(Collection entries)
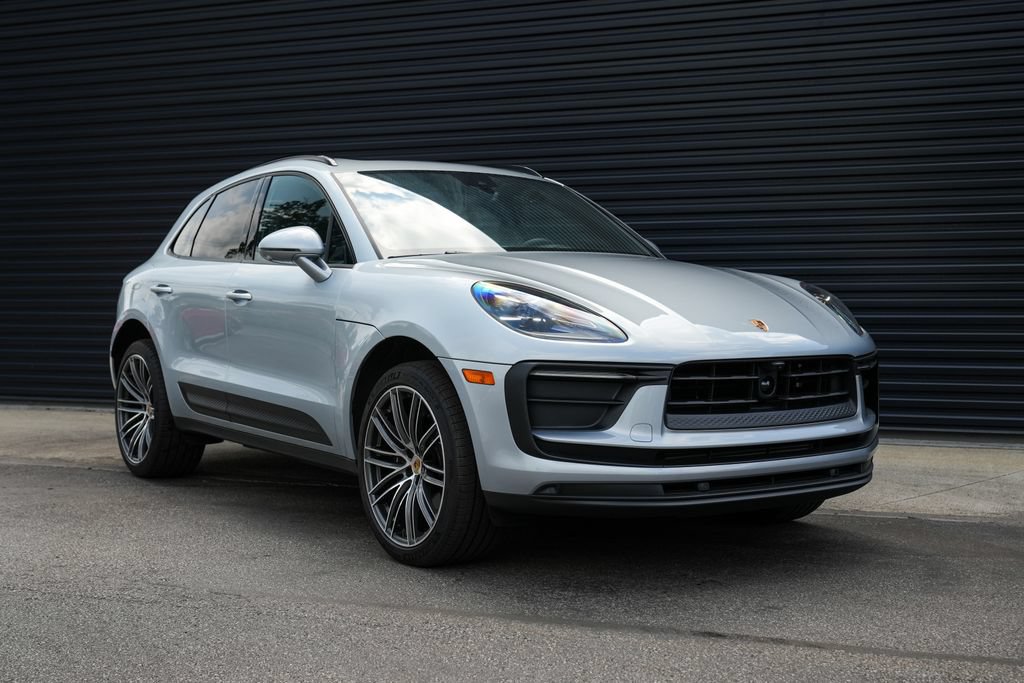 Certified 2026 Porsche Macan AWD/4WD image 39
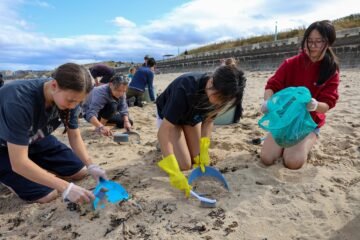 Miles de voluntarios tratan de limpiar el mayor vertido de pellets del Reino Unido ante la deficiente respuesta oficial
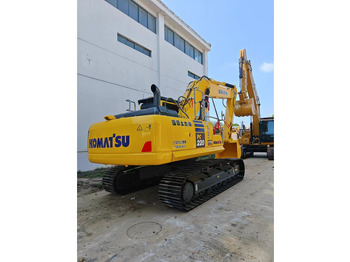 Kāpurķēžu ekskavators KOMATSU PC220-8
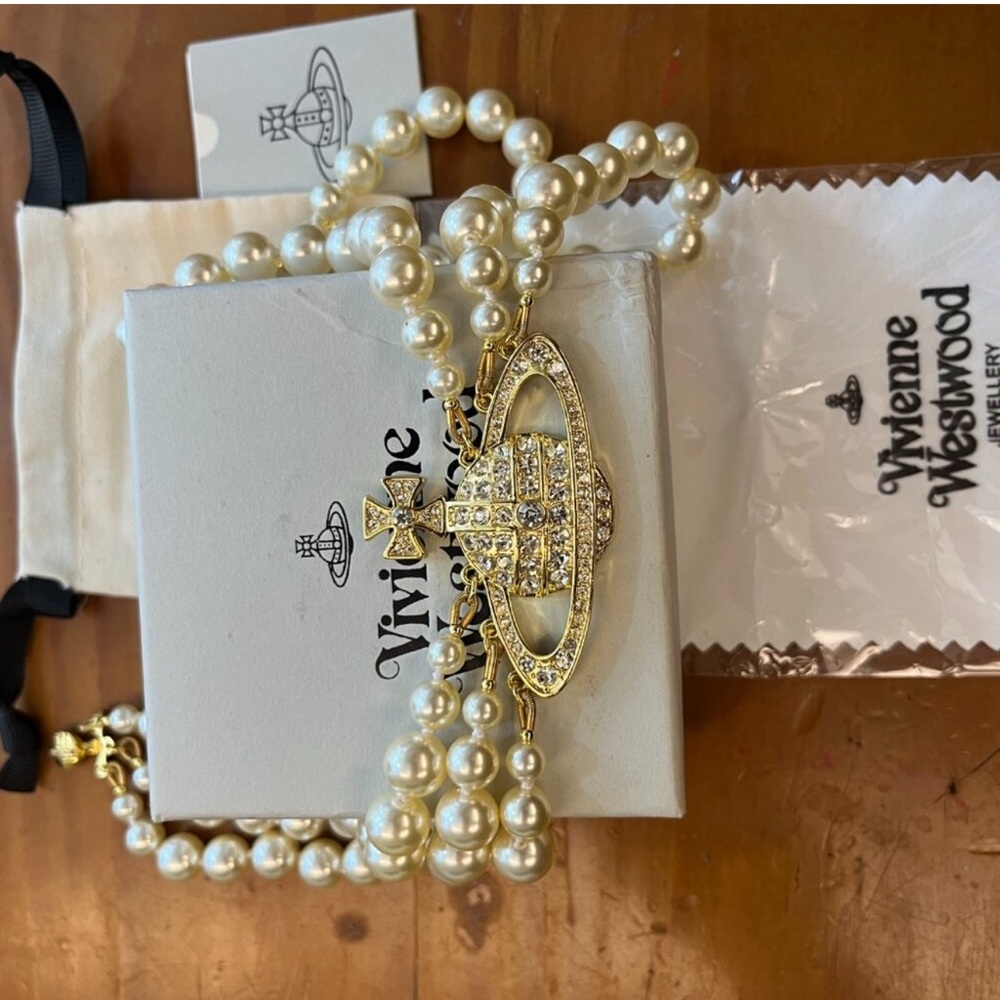 Vivienne Westwood Gold Orb Pearl Necklace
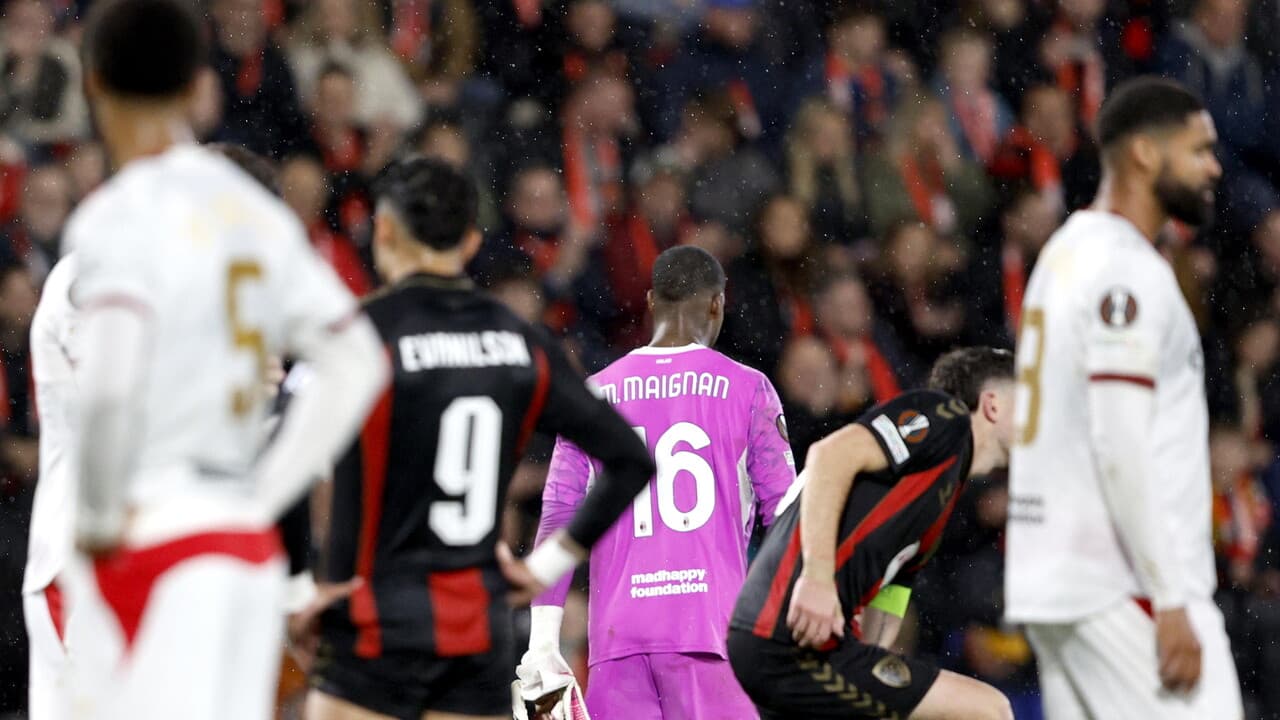Europa League: follia Maignan, il Milan affonda 3-0 con il Bournemouth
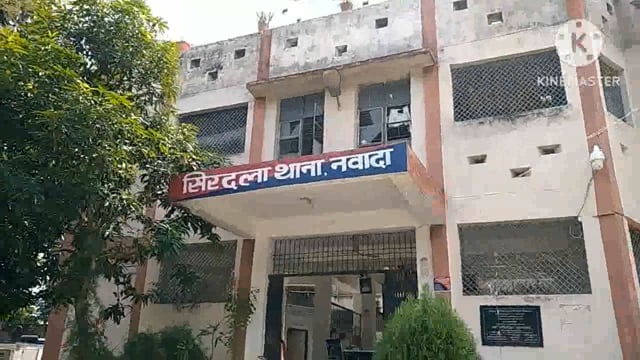 सिरदला प्रखंड के रवियों बेलदारी गांव में दो पक्षों में हुई मारपीट की घटना में चार लोग हुए जख्मी पीएचसी में किया गया इलाज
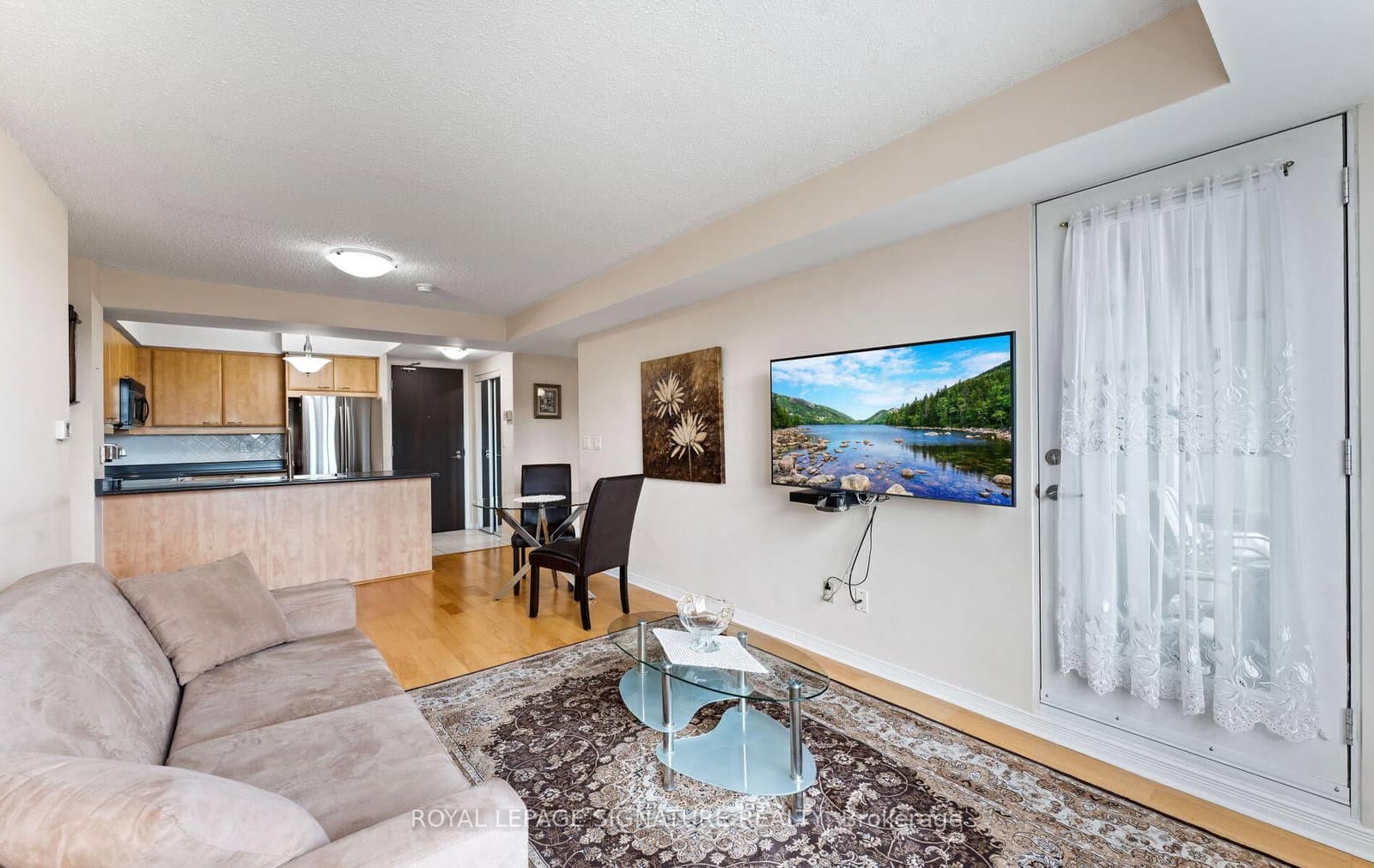 205 The Donway W, Unit 406 thumbnail 17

(TASK DETAILS) The data above must be reproduced exactly, without any of its pictures.

(REPLY TO THE EXERCISE)
 Certified 2026 Porsche Macan AWD/4WD image 39
 Miles de voluntarios tratan de limpiar el mayor vertido de pellets del Reino Unido ante la deficiente respuesta oficial
 Kāpurķēžu ekskavators KOMATSU PC220-8
 Vivienne Westwood Gold Orb Pearl Necklace
Europa League: follia Maignan, il Milan affonda 3-0 con il Bournemouth
 सिरदला प्रखंड के रवियों बेलदारी गांव में दो पक्षों में हुई मारपीट की घटना में चार लोग हुए जख्मी पीएचसी में किया गया इलाज
 205 The Donway W, Unit 406 thumbnail 17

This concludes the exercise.